You can clone with
HTTPS or Subversion.
Right now, we're looking for the highlighted text in the page. But there's no guarantee that we will parse the text into the same string as the reader will, so this is a bit fragile. Moreover, the entire text of long highlights is not included -- only the first (200?) characters are. If we can work out what the pdfloc information is telling us, we can get around both of these problems, and probably speed up the creation of these annotations as well.
Here's the one source of info I've found so far.
This thread, specifically these posts, has some more information on the pdfloc information. (It's for an older version of the reader, but I'm hoping it's the same.) The consensus seems to be that the format is
#pdfloc(A, B, C, D, E, F, G, H)
(We're taking both the page and line number to be zero-indexed.) Somehow D and E encode positions in terms of characters. In my very limited testing, D seemed to be the character count while E was 0. I think the link in the previous comment suggests that the character count is D + 2*E. Note that this is not inconsistent with what I've seen. More testing is needed.
D + 2*E
I've written a little script to get the pdfloc information for all annotations of a given file. Get it here: https://gist.github.com/2942769
I've been playing with a few test PDFs, and the situation is only more muddled. The line number is given by C, but sometimes it only increases by 2/line, and the number of the first line may vary. G is either 0 or 1, but this isn't connected to start or end markers. Somehow D, E, and G give the character count, but there doesn't seem to be a consistent pattern there. For a series of identical lines with identical highlights, you can get a variety of values for these numbers.

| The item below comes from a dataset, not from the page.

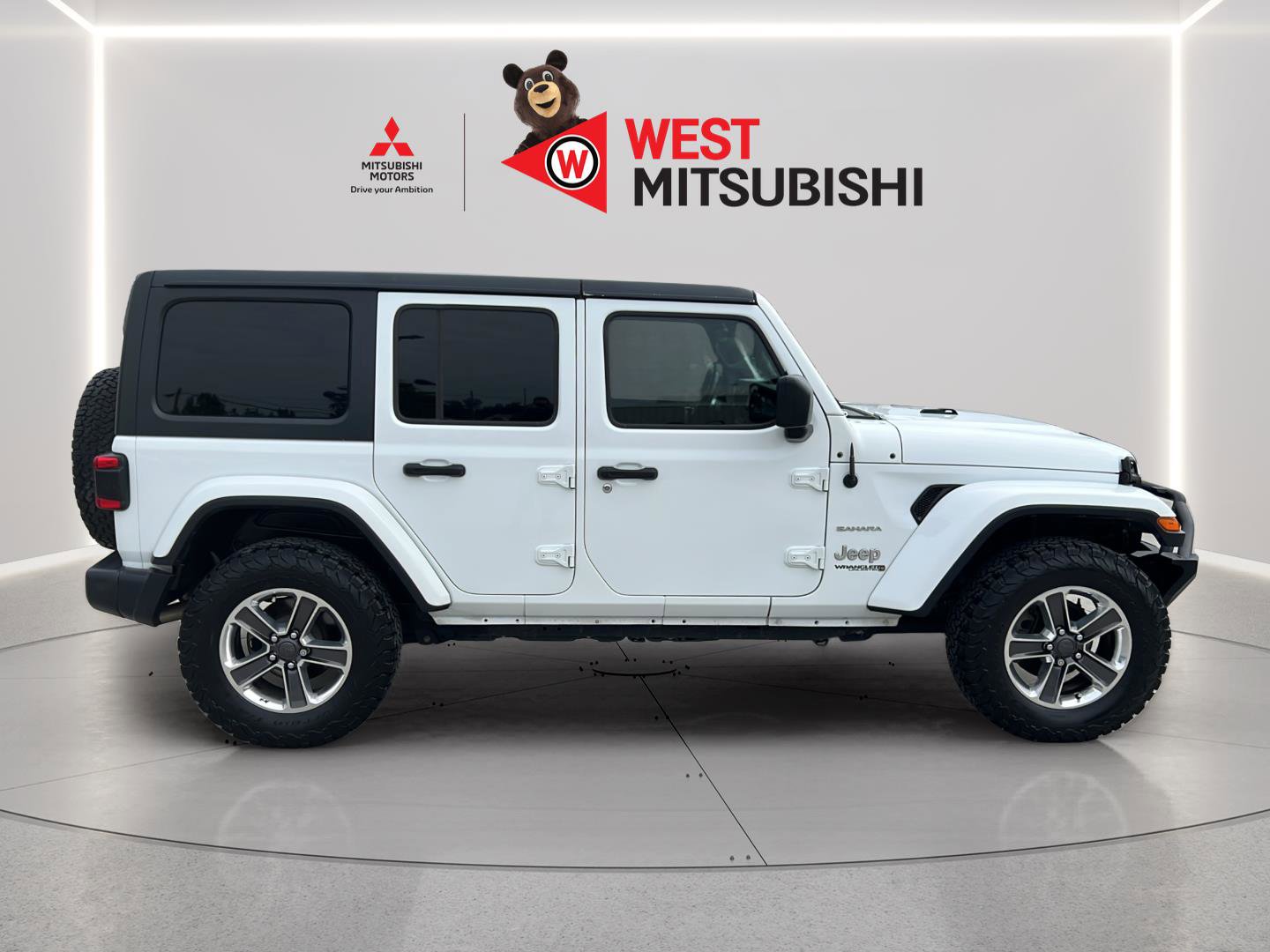 Used 2018 Jeep Wrangler Unlimited Sahara AWD/4WD image 6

The only good news is that the font doesn't seem to matter; this really is character-based.
maybe this helps to give some insight?
I'm eager to see this solved since i quickly tried annotating and getting the annotated pdf and I can see it doesnt really work well right now and it would very nice to be able to do this for my work.
Thanks for the link, but I'm afraid it's incomplete at best. I've seen C jump by 2, 4, and 8 per line, and G doesn't seem to be correlated to start or end.

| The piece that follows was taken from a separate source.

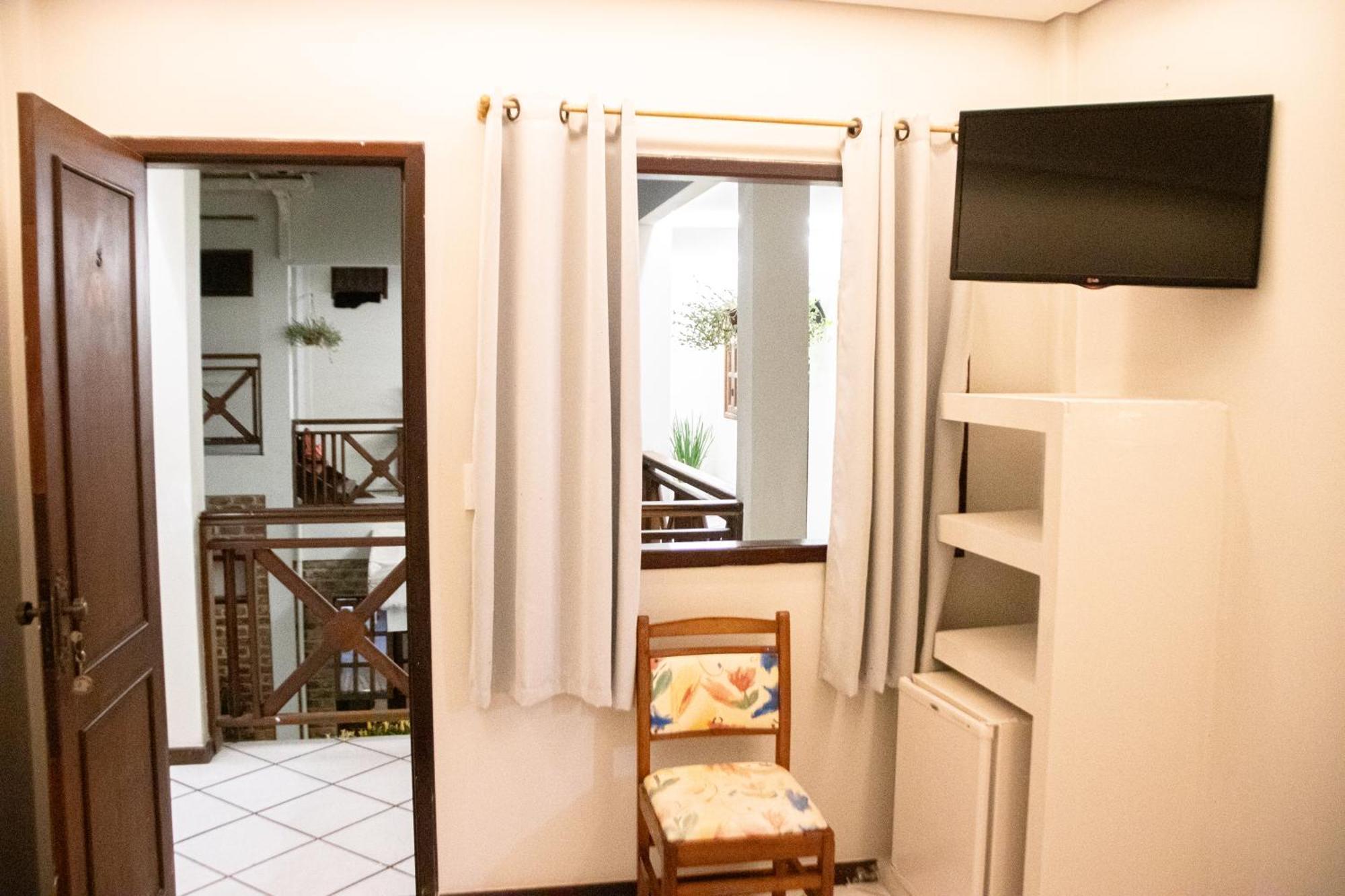 Pousada Farol Dos Borbas Hotel Vila do Abraao Ngoại thất bức ảnh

If you'd like to help, and I certainly need some at this point, check out this script: https://gist.github.com/2942769. It'll give you a text version of all the pdfloc information, and you can start trying to figure out what's going on in your PDFs.
Hi, I was reviewing a paper making a lot of notes and decided to give the script a try.

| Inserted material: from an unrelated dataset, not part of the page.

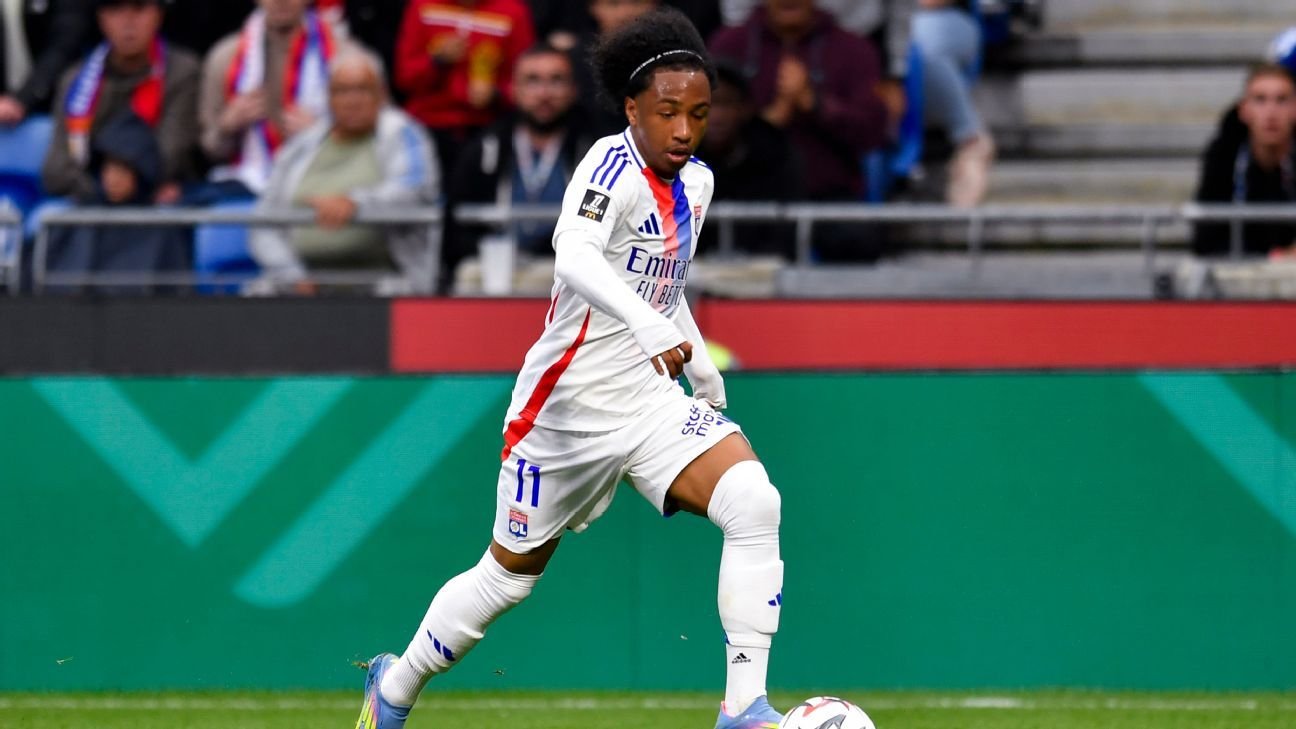 Transfer rumors, news: Chelsea keeping tabs on Lyon's Fofana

i've made some findings but nothing conclusive or perfectly consistent. In this PDF (created by pdflatex), C = 2 * (line + 1). In general, D indicates the word (0 based)within the line, and E, the character count (0 based) within the word. The reamining variable G, seems to indicate some type of mode which I can't figure out (it does not indicate start, end as suggested). This word/character finding is mostly valid when G=0. I say mostly because in some cases it didn't hold even with G=0. Also, even though on the reader, the highligting starts at, lets say, word 5, the starting marker may indicate word 4, and a character offset corresponding to all letters of word 4. The ending marker sometimes even includes some letters of the following word, but on the ereader and the reader software this extra word is not highlighted.
I'm using the PRS-T2, btw.
I'm a bit frustrated now because I can't get all of these annotations out of the device, and have them point at the corresponding part of the text.